"Brokers being short-changed without non-QM"

VP of non-prime specialist says LOs are more interested in product than ever

"Brokers being short-changed without non-QM"

Without doubt these are ‘interesting’ times for the mortgage industry.

With mounting interest rates, the threat of a looming recession, the virtual collapse of the refi market and some housing analysts saying that demand for homes is beginning to moderate, brokers need to have all their wits about them if they are to grow their business.

The shrewdest and most forward-looking LOs knew this long ago, but Tom Hutchens (pictured), executive vice president of production at Angel Oak Mortgage Solutions, has suggested that there is now a renewed sense of purpose among the wider broker community to push the envelope with new products - especially non-QM loans.

“Right now, originators fully embrace the need for non-QM, and we’re seeing it based on their desire to be educated,” he said. “We’re always out there, doing webinars and trainings, but the attendance and the registrations that we’ve had in the last two to three months is actually quite remarkable.

Read more: Five-step guide for success in non-QM

“Having conversations with loan officers, they know that refis are gone, so loan officers are just viewing non-QM as an alternative. There’s new business and more tools to purchase, and without it they feel like they’re going to be shortchanged.”

Refi volume may have tumbled by more than 60% in a year, forcing originators to focus even more on purchase volume, but even this is no guarantee of success.

Fannie Mae recently predicted that property sales would drop by 7.4% this year and by 9.7% in 2023. And when even a luminary like UWM’s Mat Ishbia acknowledges that the housing market will cool down later this year, it’s perhaps unsurprising that brokers are now looking at their options with a greater sense of urgency.

Hutchens confirmed that standard purchase loans were not necessarily the answer, either. “With agency and government loans, you can only place a borrower that fits into those tight agency boxes, and that’s when you put real estate agent referrals at risk if you can’t do it.

“If an originator down the street can help a buyer, that real estate agent might start sending all of their deals, their borrowers and buyers down the street. So, it’s pretty imperative that brokers have more tools in their tool belt.”

This is especially relevant as many Americans are sitting on more home equity than ever, he added.

Recent figures appear to confirm that claim. According to CoreLogic analysis, US homeowners with mortgages (about 63% of all properties) have seen their equity increase by a total of more than $3.2 trillion since the fourth quarter of 2020, representing a rise of 29.3% year over year.

As far as Hutchens is concerned, that simply creates more options for an originator.

“By having more tools, it’s not only purchase, brokers can expand their marketing efforts to more potential borrowers, including self-employed borrowers.”

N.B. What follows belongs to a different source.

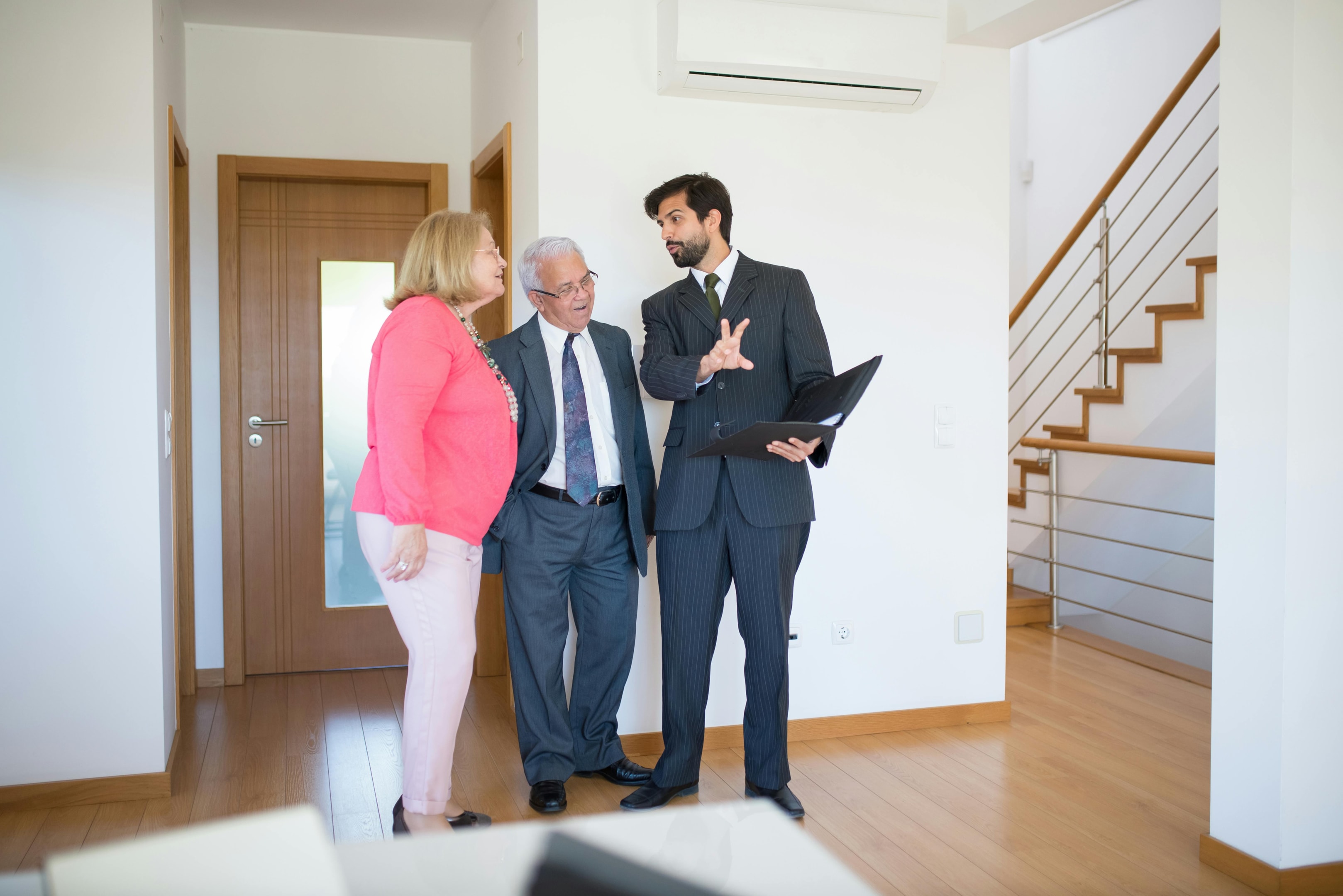 Real estate investor meets with heirs of probate property as they review the property.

Read more: Angel Oak Mortgage suffers net loss amid volatile market

Non-QM has traditionally been seen as the go-to option for self-employed borrowers, and it’s a sector that’s growing. According to a pre-pandemic projection from the US Bureau of Labor Statistics, the number of self-employed people was set to increase to 10.3 million by 2026. But as of February 2022, that number had already reached 9.98 million, representing a 4.59% annual increase.

Even though the figure is actually the second lowest in the last seven months, the projected estimates are not wide of the mark.

Hutchens said many of these underserved borrowers were also unaware of non-QM.

He said: “They haven’t really known that there are products available for them, because they’ve maybe been turned down in the past.

“A lot of them might think ‘well, I can’t sell my house because I can’t buy’. But if you provide an option to them to tap into that equity, that’s a whole market out there that is just very underserved. And that is the kind of the feedback that we’re giving and getting from loan officers that are taking these non-QM products. It’s allowing them to be a little more proactive to go out and find business.

“Access to mortgage financing is something everybody wants. I don’t think inflationary pressures are going to stop that, and I don’t think there’s going to be a crash in housing. The biggest driver is lack of supply and that’s not really a bubble.

“That’s because the fundamentals in today’s market are solid and underwriting standards have been solid.”